### GIVEN RECORDS ###
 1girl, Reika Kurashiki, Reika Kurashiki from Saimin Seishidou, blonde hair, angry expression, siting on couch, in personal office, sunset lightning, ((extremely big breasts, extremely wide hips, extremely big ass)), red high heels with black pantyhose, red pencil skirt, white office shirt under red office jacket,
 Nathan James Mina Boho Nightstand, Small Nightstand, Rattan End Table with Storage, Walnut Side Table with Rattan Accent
###
### GIVEN RECORDS ###
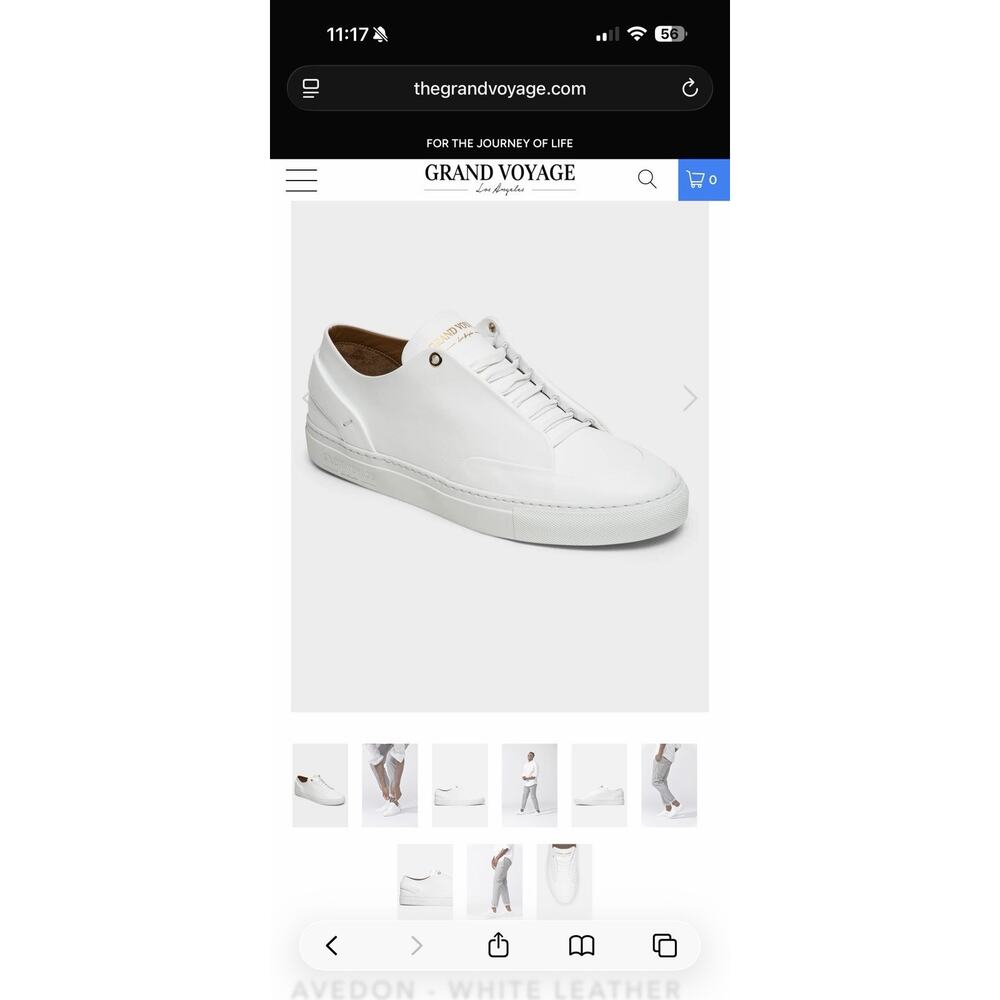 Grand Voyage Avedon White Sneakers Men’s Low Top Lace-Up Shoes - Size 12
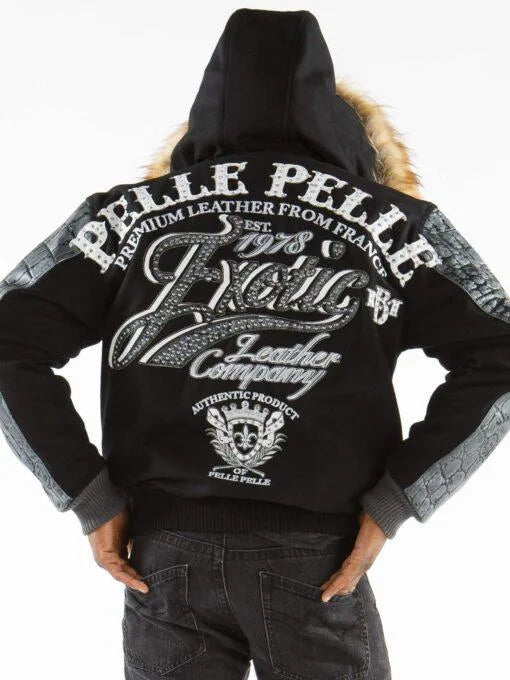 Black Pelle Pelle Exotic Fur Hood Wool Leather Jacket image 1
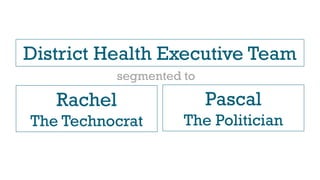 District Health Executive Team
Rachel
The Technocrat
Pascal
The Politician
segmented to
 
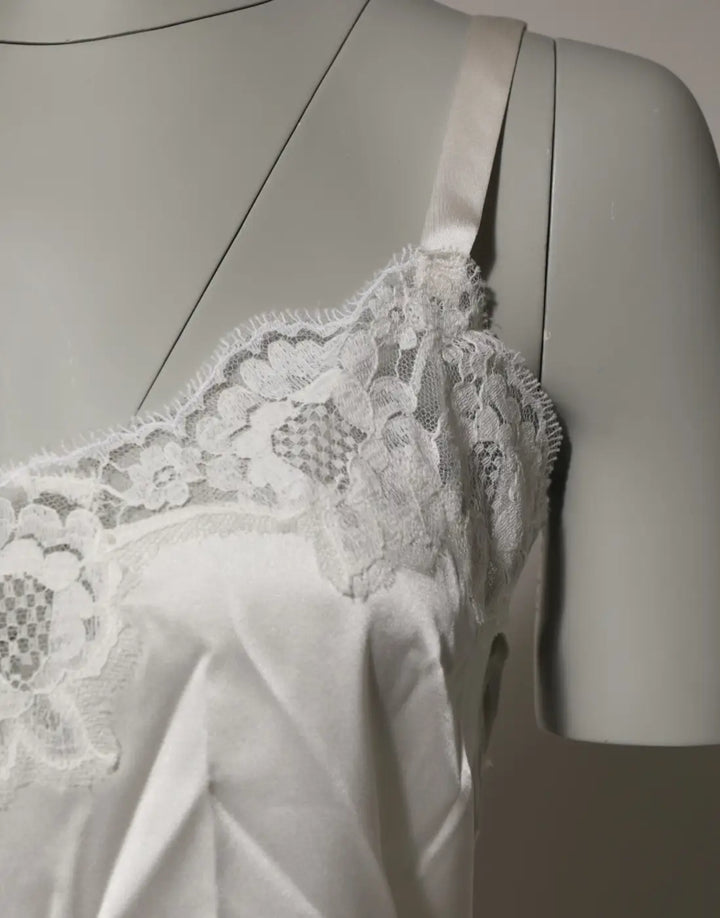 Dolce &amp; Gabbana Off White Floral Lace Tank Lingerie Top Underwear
###
### GIVEN RECORDS ###
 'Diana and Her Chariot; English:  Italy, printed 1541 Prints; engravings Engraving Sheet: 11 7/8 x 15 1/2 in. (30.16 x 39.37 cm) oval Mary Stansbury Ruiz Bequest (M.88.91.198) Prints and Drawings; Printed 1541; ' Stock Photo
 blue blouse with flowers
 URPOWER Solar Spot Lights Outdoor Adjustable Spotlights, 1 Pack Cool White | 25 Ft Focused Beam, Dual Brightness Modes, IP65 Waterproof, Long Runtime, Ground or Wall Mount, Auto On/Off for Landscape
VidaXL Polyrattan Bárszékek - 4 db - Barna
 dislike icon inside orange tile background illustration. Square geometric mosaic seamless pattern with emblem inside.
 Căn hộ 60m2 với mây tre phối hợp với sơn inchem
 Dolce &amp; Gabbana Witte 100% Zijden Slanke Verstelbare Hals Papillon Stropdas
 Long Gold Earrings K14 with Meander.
###
(PROBLEM DETAILS)
Within the listing above, locate the line containing "URPOWER Solar Spot" and the line containing "Long Gold Earrings K14 with Meander.". Reproduce those two lines and all lines between them exactly, with nothing added.

(RESPONSE TO THIS EXERCISE)
 URPOWER Solar Spot Lights Outdoor Adjustable Spotlights, 1 Pack Cool White | 25 Ft Focused Beam, Dual Brightness Modes, IP65 Waterproof, Long Runtime, Ground or Wall Mount, Auto On/Off for Landscape
VidaXL Polyrattan Bárszékek - 4 db - Barna
 dislike icon inside orange tile background illustration. Square geometric mosaic seamless pattern with emblem inside.
 Căn hộ 60m2 với mây tre phối hợp với sơn inchem
 Dolce &amp; Gabbana Witte 100% Zijden Slanke Verstelbare Hals Papillon Stropdas
 Long Gold Earrings K14 with Meander.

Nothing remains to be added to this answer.